TASK STATEMENT:
Write out the data word for word, taking care that no picture is carried over.

DATASET EXTRACT:
═══
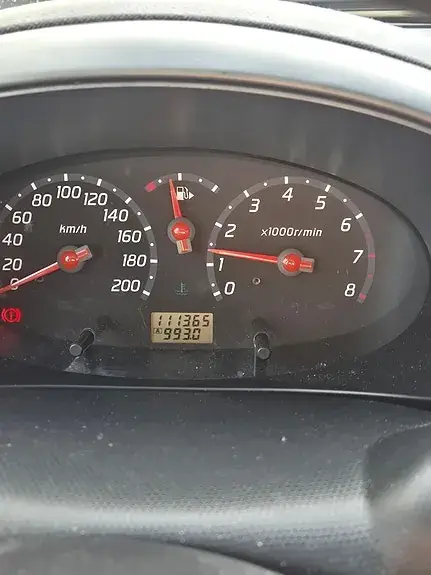 Nissan Micra 2005 photo 2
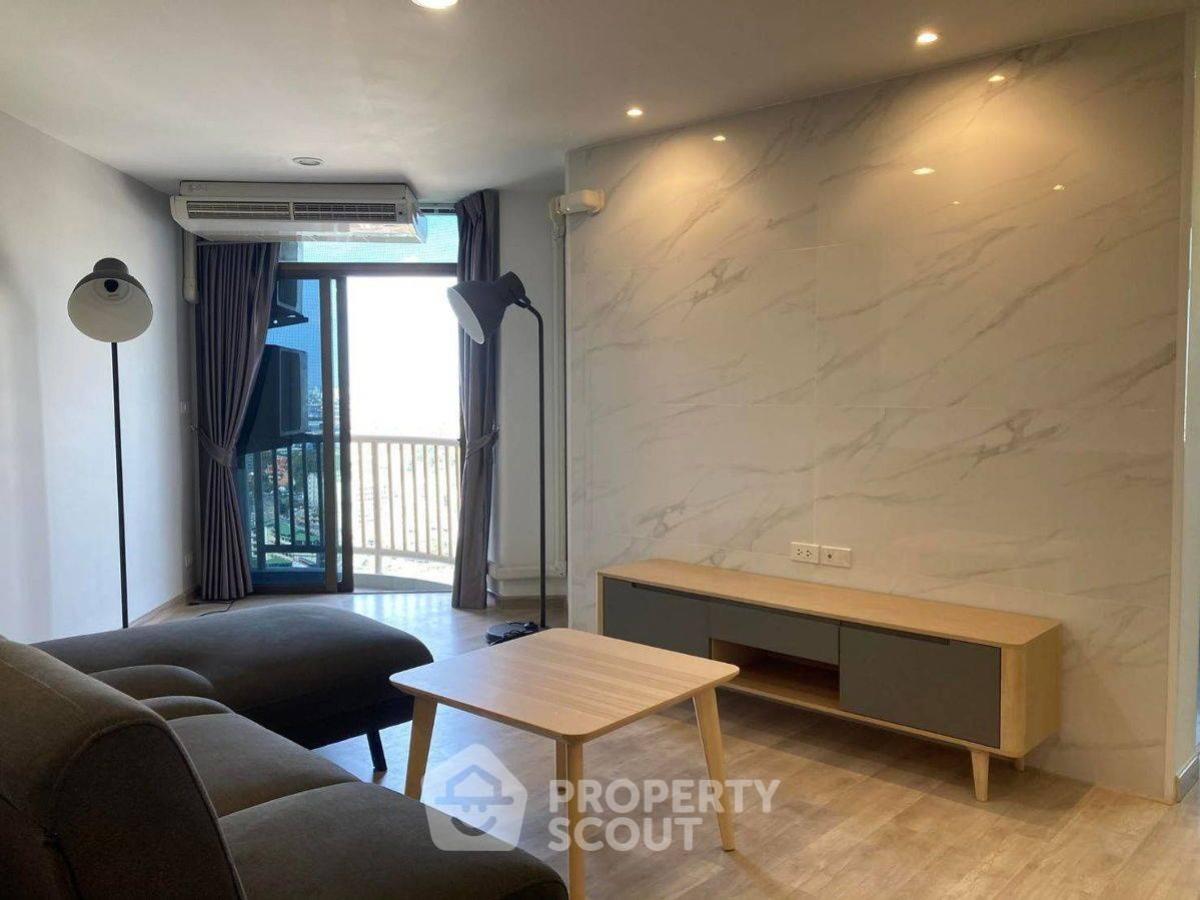 For RentCondoPinklao, Charansanitwong : 2-BR Condo at Ratanakosin Island near MRT Bang Yi Khan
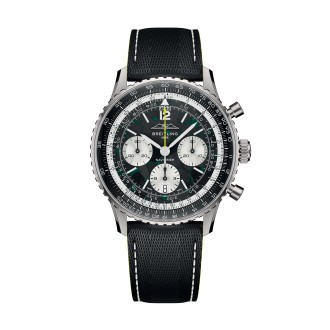 Navitimer B01 Chronographe 43 Aston Martin Aramco Formula One™ Team © Breitling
═══
RESPONSE TO THIS TASK:
 Nissan Micra 2005 photo 2
 For RentCondoPinklao, Charansanitwong : 2-BR Condo at Ratanakosin Island near MRT Bang Yi Khan
 Navitimer B01 Chronographe 43 Aston Martin Aramco Formula One™ Team © Breitling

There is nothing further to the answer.